I absolutely loved my Easter weekend. I shared it with my beautiful family and Bruno’s beautiful family. We chatted, we ate, we laughed, we ate, we played with rabbits and we laughed some more. I felt very empowered looking at my Instagram over the weekend too. Last year my feed was inundated with guilt pictures from health and fitness personalities telling me how many burpees I had to do to burn off my chocolate eggs. This year it was filled with smiles, positive affirmations, family photos and pure joy. My decision to unfollow the negative influencers was definitely a wise one.
Unfortunately, I can’t say that I could enjoy the weekend as freely as I would have liked to. Food is the one thing in my life that I pretty much have complete control over. I know that when things are somewhat out of control in my life that I will start looking at things in my life that I can control.
I am blessed that I have the tools now to be able to deal with the negative feelings when they do arise. I don’t punish myself with intense gym sessions. I don’t stop eating the following day to save on the calories. Those days are definitely behind me. What I do wish for and am working towards is to stop overthinking what I put on my plate at big family dinners. I so wish that I could just fill it with anything I want and not be so selective.

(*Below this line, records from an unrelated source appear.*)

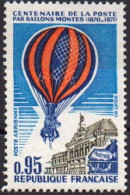 France Poste Aérienne 1971 Y&T 45 -	Centenaire De La Poste Par Ballon - Gomme Ok - 1960-.... Nuovi
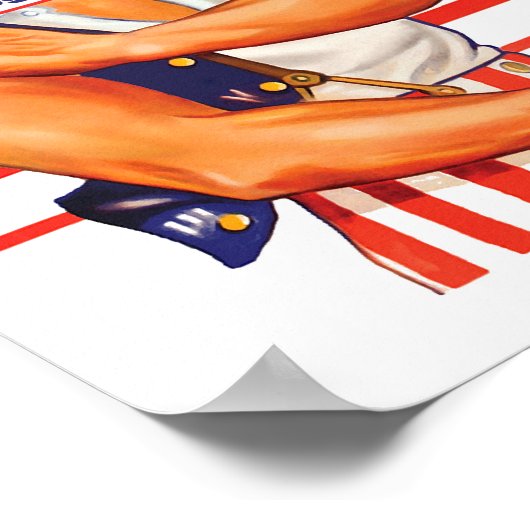 Oom Sam Vaccinate Laten we dit artikel samen bestr Poster (Hoek)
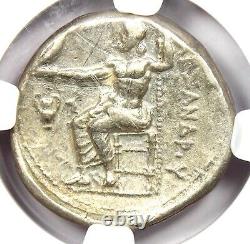 Alexandre le Grand III AR Tétradrachme 336-323 av. J.-C. NGC Choice VF. Émission à vie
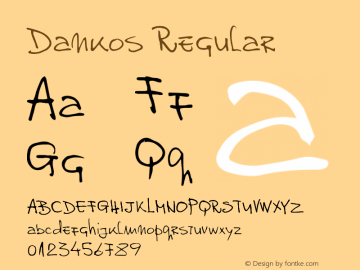 Dankos Regular Version 1.000 2012 initial release Font Sample
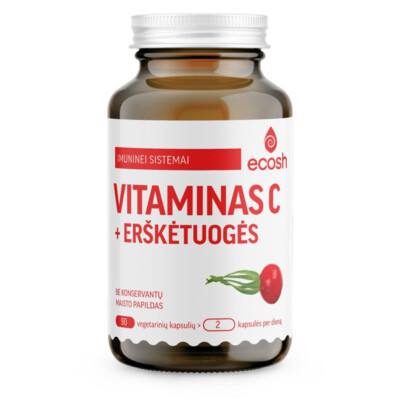 ECOSH Vitamin C Mit Sanddorn Ergänzung Für Das Immunsystem 90 Kapseln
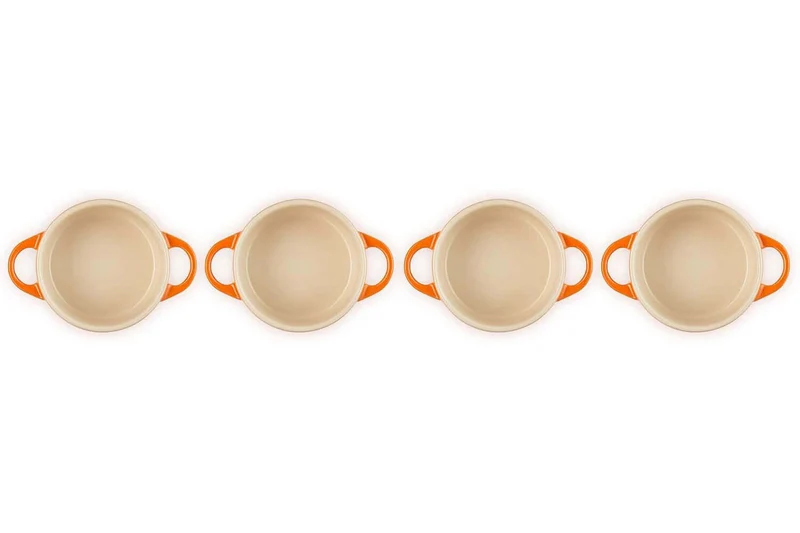 Set de 4 mini cocottes Le Creuset en céramique Volcanique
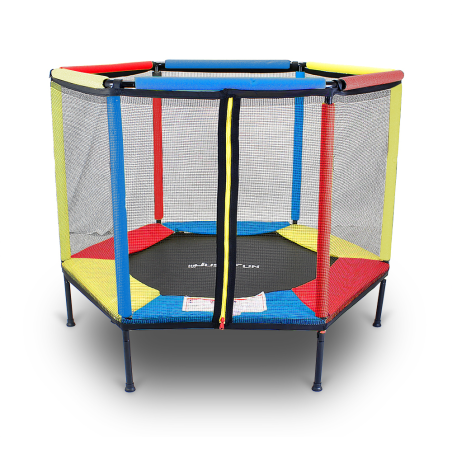 TRAMPOLINA KOJEC DO DOMU I OGRODU 140 MULTICOLOR
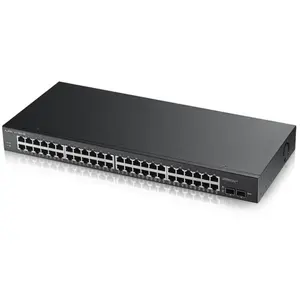 Comparateur de prix : Zyxel GS1900-48HP - 48 (ports)/10/100/1000/Avec POE/Manageable/24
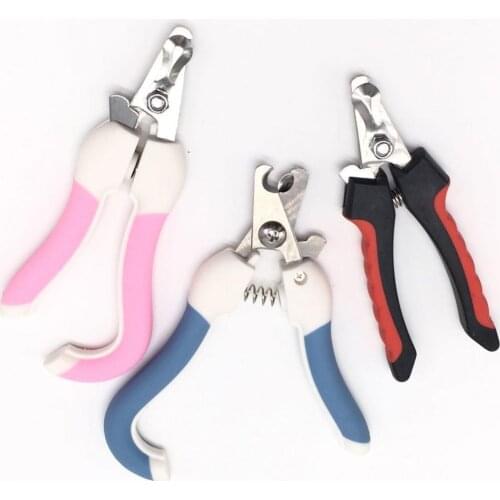 Professional Pet Dog Nail Clipper Cutter Stainless Steel Grooming Scissors Clippers for Animals Cats Dogs DropShipping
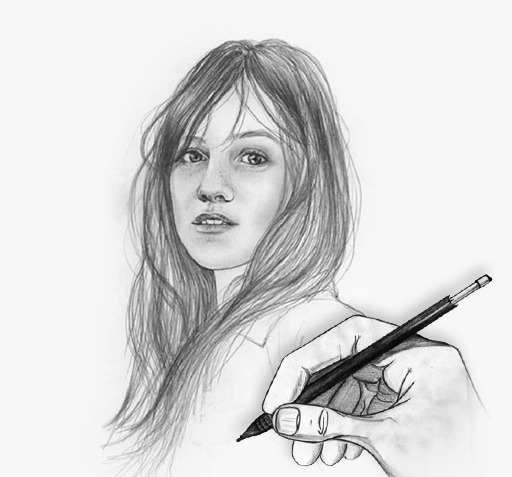 تبدیل عکس به نقاشی طراحی شده با مداد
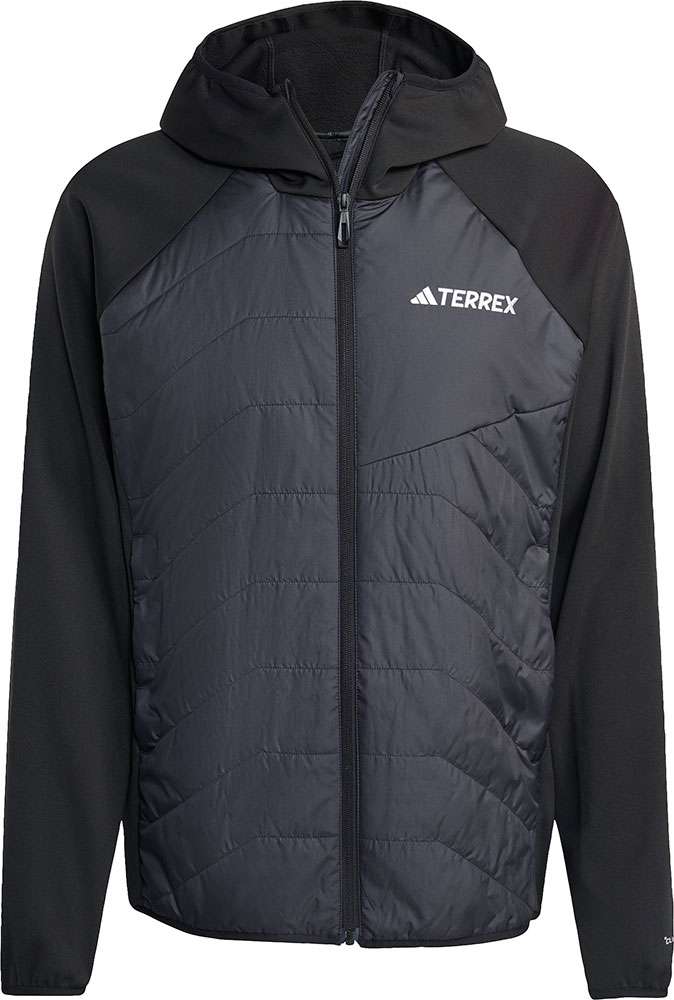 Adidas muti climawarm ibrida isolata - giacca con cappuccio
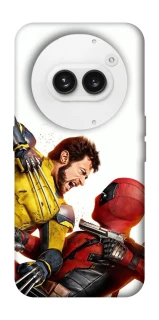 Чехол на Nothing Phone (2a) Deadpool and Wolverine фото 1 из 1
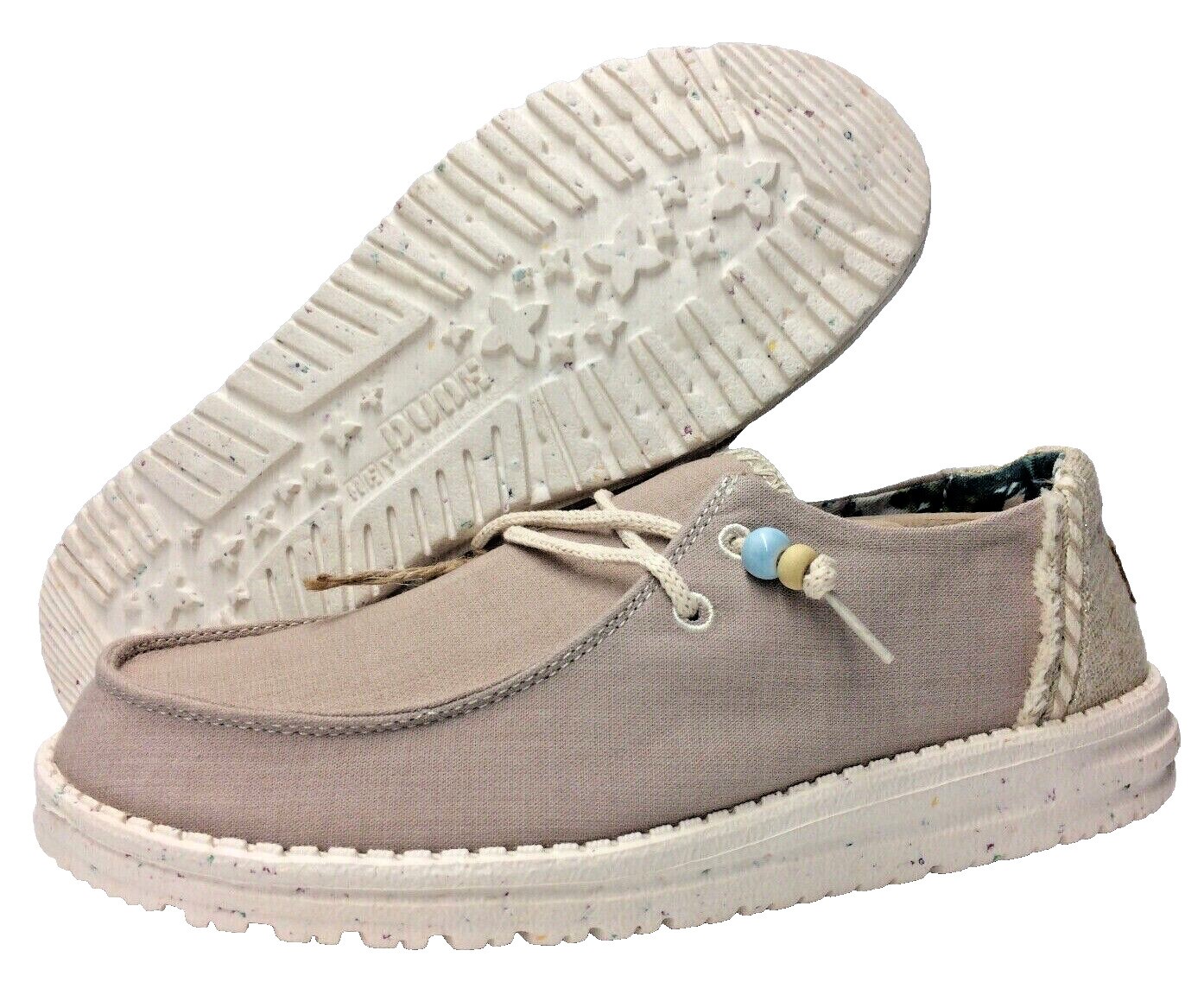 Hey Dude Wendy Natural Rose Women's Lightweight Comfortable Shoes Slip On Sz. 11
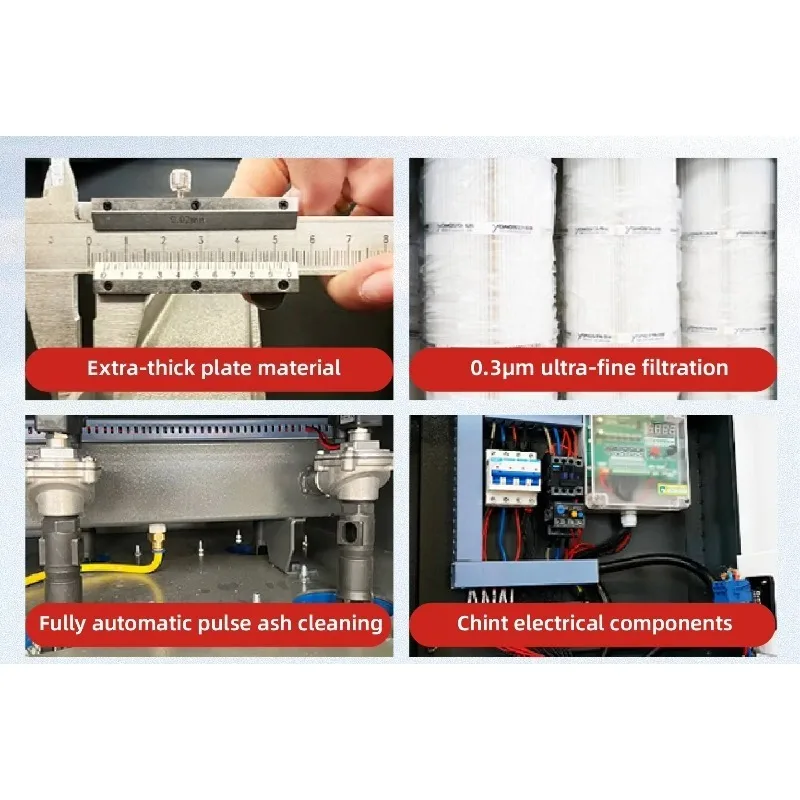 Activated Carbon Multi-Station Smoke Purification System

I know that I am “balanced” in many aspects of my life but I think my idea of balance is somewhat skewed from the norm. For me having dessert on the day of an event is enough. I will enjoy it on the night and then won’t go back for more the following day. It has been that way for nearly 10 years now and I think it will take time to reverse my psychology. I know that having more chocolate the following day or another piece of cake for afternoon tea the next day isn’t going to change anything. It really comes down to why do I care?
Looking at photos from three years ago at Easter and how tiny and sad I was really puts things into perspective. I have come so far and this is just another milestone I need to overcome. To think of the progress I have already made is incredible. I feel so blessed to have been able to navigate my way out of this and really be able to take life by both hands.
To be honest I know it isn’t the food that is the issue, it is the thoughts that are going on in my head.
My more rational brain knows that overindulging doesn’t make me a bad person. That a bloated stomach doesn’t make me any less fit. That eating more cake won’t take away my credibility as a nutrition student. I have power over those negative thoughts. They cannot or will not dictate my decisions unless I give them the power to do so.
When we are children we don’t overthink everything we do. We play if we want to play, we run if we want to run, we eat if we want to eat and we smile just because we can! How much more beautiful would life be if I took that approach more often?
There is nothing holding me back from doing that, just my mind. I am not letting it get me this time. I am going to embrace the situation, take it as a learning experience and move on without fear of judgement.
I am not writing this post for sympathy or pity. I am writing this because I know that I am not alone with these thoughts. I know that by hearing others go through similar situations that I feel comforted and not alone. I hope that my honesty and openness is helpful.
All things will come with a little time when you believe. – Myra
Easter weekend 2019 - Walking because it makes me happy not because I "ate too much."